For sodium-dodecyl sulfate polyacrylamide gel electrophoresis (SDS-PAGE), we used NuPAGE 4–12% Bis-Tris gels from Invitrogen (www. invitrogen.com) stained with Coomassie SimplyBlue (also from Invitrogen). Total protein content was measured with a bicinchoninic acid (BCA) protein assay from Thermo Scientific Pierce (www. piercenet.com).

Comparison of Anion-Exchange Sorbents Used As a Capture Step for rGFP Purification from E. Coli Lysate: We screened different anion exchangers (Q HyperCel, rigid agarose Q, and Q Ceramic HyperD F) for their selectivity using linear salt-gradient elution. Before equilibration in 50-mM Tris-HCl at pH 8.0, a 100-µL sample of crude E. coli lysate was loaded. After an equilibration buffer wash, elution was performed using salt gradient over 20 column volumes (CV) using 50 mM Tris-HCl at pH 8.0 with 0.5 M NaCl before a final strip with 50 mM Tris-HCl at pH 8.0 with 1.0 M NaCl.

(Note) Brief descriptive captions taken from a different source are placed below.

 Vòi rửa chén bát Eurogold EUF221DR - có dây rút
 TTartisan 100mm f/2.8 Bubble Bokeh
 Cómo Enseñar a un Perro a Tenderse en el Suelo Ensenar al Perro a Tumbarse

The flow rate applied was 1 mL/min.

We transferred the initial salt gradient elution to a four-step elution according to the conductivity at rGFP elution. The sorbent was equilibrated with 50 mM Tris-HCl at pH 8.0, then an 8-mL sample of E. coli lysate was loaded onto the column at 0.5 mL/min (2 min RT). After an equilibration buffer wash, elution was carried out in steps using 50 mM Tris-HCl at pH 8.0 with 0.1, 0.2, 0.5, and 1.0 M NaCl.

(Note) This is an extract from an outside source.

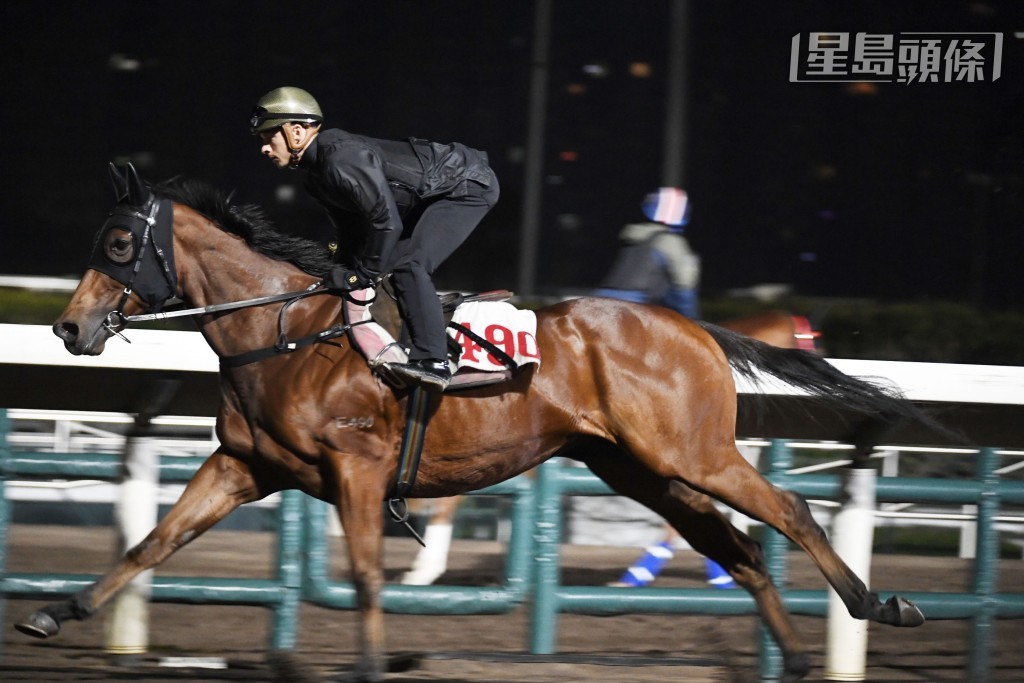 「金發盛世」人馬曾勝，今朝希威森也親操。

We evaluated the DBC for GFP of the sorbents tested at 10% breakthrough by loading E. coli lysate onto the columns until complete saturation. Samples were diluted tenfold in equilibration buffer to delay GFP breakthrough so that saturation was clearly observed. We noted the maximum absorbance value and calculated DBC with the volume loaded until flow-through absorbance was at least 10% of this maximum.